Josefina earned her B.A. in psychology with a public health minor from the University of California, Los Angeles (UCLA). She pursued her doctoral education in sociology at UCLA as well. Her doctoral studies were supported by the Health Policy Research Scholars program, a program by the Robert Wood Johnson Foundation. In her free time, Josefina enjoys dancing bachata and salsa. She also enjoys playing and watching soccer.
Research Interests
My research is about how immigration status influences the lives and deaths of individuals in the United States. I am interested in the socioeconomic and health outcomes and immigrants and racialized minorities.

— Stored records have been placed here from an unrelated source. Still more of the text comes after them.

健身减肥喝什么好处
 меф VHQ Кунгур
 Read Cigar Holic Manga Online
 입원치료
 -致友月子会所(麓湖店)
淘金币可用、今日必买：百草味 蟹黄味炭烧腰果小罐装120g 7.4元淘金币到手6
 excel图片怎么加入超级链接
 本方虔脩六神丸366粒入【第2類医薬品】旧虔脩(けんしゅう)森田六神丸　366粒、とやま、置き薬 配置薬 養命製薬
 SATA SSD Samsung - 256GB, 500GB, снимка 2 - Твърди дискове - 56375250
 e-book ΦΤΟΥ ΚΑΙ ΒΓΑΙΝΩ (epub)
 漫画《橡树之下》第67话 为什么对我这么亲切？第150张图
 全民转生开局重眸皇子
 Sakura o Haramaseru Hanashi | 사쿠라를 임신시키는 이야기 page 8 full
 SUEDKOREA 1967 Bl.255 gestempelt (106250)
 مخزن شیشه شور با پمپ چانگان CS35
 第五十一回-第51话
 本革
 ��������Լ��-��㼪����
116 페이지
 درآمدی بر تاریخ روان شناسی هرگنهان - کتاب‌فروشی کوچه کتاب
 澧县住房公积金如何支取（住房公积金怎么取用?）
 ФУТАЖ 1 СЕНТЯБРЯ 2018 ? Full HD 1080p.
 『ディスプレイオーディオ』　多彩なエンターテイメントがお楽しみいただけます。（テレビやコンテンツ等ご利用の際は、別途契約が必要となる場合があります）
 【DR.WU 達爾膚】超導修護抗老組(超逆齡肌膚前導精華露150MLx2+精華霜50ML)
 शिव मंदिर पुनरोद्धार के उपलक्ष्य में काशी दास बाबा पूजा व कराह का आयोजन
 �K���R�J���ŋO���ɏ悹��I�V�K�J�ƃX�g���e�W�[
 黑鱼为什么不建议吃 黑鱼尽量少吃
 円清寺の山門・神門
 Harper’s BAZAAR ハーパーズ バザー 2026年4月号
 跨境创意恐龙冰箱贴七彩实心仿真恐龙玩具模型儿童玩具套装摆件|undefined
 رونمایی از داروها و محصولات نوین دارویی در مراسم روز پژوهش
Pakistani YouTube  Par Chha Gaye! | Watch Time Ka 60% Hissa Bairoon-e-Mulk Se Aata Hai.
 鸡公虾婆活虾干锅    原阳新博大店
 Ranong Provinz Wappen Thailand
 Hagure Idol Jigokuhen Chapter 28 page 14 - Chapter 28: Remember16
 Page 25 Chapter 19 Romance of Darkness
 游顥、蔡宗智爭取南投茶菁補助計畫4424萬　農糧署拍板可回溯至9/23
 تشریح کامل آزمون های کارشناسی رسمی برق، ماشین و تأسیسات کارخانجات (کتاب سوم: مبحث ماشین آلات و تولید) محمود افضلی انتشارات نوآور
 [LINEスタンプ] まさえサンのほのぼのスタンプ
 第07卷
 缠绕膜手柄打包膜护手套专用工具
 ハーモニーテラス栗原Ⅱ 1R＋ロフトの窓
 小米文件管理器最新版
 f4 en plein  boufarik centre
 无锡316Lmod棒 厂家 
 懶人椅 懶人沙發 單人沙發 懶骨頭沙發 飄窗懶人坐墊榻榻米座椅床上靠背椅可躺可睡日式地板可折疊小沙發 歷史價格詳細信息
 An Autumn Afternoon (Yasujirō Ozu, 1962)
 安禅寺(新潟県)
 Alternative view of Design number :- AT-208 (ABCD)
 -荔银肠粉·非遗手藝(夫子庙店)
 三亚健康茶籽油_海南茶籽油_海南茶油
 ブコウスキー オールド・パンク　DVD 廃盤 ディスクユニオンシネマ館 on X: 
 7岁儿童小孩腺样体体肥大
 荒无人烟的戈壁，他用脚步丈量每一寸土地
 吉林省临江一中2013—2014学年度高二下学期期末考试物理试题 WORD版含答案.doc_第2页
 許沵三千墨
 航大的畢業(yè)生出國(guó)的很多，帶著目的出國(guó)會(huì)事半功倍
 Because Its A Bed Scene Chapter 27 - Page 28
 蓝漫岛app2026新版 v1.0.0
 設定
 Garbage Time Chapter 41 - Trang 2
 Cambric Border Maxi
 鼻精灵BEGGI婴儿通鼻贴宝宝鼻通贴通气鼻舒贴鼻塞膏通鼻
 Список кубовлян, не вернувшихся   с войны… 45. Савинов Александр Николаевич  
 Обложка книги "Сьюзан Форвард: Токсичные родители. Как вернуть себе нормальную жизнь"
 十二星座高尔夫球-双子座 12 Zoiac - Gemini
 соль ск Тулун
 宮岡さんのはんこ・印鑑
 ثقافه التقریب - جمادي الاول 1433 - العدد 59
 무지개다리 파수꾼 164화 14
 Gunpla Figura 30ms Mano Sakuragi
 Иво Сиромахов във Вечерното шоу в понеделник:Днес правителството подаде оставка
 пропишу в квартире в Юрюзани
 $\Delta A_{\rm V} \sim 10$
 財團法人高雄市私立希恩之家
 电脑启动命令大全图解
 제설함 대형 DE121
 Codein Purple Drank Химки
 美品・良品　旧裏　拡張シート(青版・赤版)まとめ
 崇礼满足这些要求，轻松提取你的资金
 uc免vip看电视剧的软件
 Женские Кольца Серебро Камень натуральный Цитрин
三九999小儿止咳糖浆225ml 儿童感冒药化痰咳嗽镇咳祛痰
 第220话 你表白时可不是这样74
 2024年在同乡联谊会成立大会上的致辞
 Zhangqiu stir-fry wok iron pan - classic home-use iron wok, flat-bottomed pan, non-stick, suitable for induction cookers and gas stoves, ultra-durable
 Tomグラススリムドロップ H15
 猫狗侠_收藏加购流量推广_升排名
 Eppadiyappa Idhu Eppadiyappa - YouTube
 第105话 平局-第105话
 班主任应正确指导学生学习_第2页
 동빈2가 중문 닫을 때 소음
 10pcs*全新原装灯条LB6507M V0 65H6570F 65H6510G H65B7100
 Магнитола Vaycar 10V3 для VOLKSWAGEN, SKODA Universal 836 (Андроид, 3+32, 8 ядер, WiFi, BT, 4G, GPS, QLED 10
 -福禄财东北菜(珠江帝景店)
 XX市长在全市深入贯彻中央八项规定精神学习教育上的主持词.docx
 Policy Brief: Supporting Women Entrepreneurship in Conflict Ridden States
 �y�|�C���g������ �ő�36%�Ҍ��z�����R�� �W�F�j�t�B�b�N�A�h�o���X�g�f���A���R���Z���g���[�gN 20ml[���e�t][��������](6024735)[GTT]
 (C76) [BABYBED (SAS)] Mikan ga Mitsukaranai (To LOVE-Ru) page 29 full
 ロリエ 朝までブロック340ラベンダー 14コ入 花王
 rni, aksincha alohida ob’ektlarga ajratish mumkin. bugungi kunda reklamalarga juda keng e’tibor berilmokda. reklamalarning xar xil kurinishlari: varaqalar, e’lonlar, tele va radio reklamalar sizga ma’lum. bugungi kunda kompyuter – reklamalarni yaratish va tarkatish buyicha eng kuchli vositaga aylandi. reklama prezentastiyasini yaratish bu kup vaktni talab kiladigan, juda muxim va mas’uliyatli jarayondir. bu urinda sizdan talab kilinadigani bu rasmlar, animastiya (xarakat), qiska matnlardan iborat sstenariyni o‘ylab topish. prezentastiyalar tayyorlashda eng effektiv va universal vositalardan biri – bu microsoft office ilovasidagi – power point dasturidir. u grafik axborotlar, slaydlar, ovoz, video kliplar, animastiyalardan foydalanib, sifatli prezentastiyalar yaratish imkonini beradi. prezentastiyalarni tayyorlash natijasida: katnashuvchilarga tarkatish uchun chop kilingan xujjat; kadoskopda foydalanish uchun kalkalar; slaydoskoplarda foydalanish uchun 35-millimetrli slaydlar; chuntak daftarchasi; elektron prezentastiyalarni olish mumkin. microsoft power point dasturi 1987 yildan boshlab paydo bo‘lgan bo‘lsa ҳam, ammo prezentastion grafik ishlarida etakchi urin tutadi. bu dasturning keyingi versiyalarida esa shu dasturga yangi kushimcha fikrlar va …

I recently published an op-ed about the relationship between aging and immigration in the United States. It is available in the Public Health Post.
Research Support
I am in the inaugural cohort of the Health Policy Research Scholars program, supported by the Robert Wood Johnson Foundation. My research has also been supported by: the UC Collaborative to Promote Immigrant and Student Equity, the California Center for Population Research, the UC Network on Child Health, Poverty and Public Policy, and the University of Wisconsin Madison’s Center for Financial Security.
Publications
I have published my research in the Journal of Immigrant Minority Health, Demographic Research, and the Community Development Innovation Review. I have also published in Latino Studies and Sociology Compass.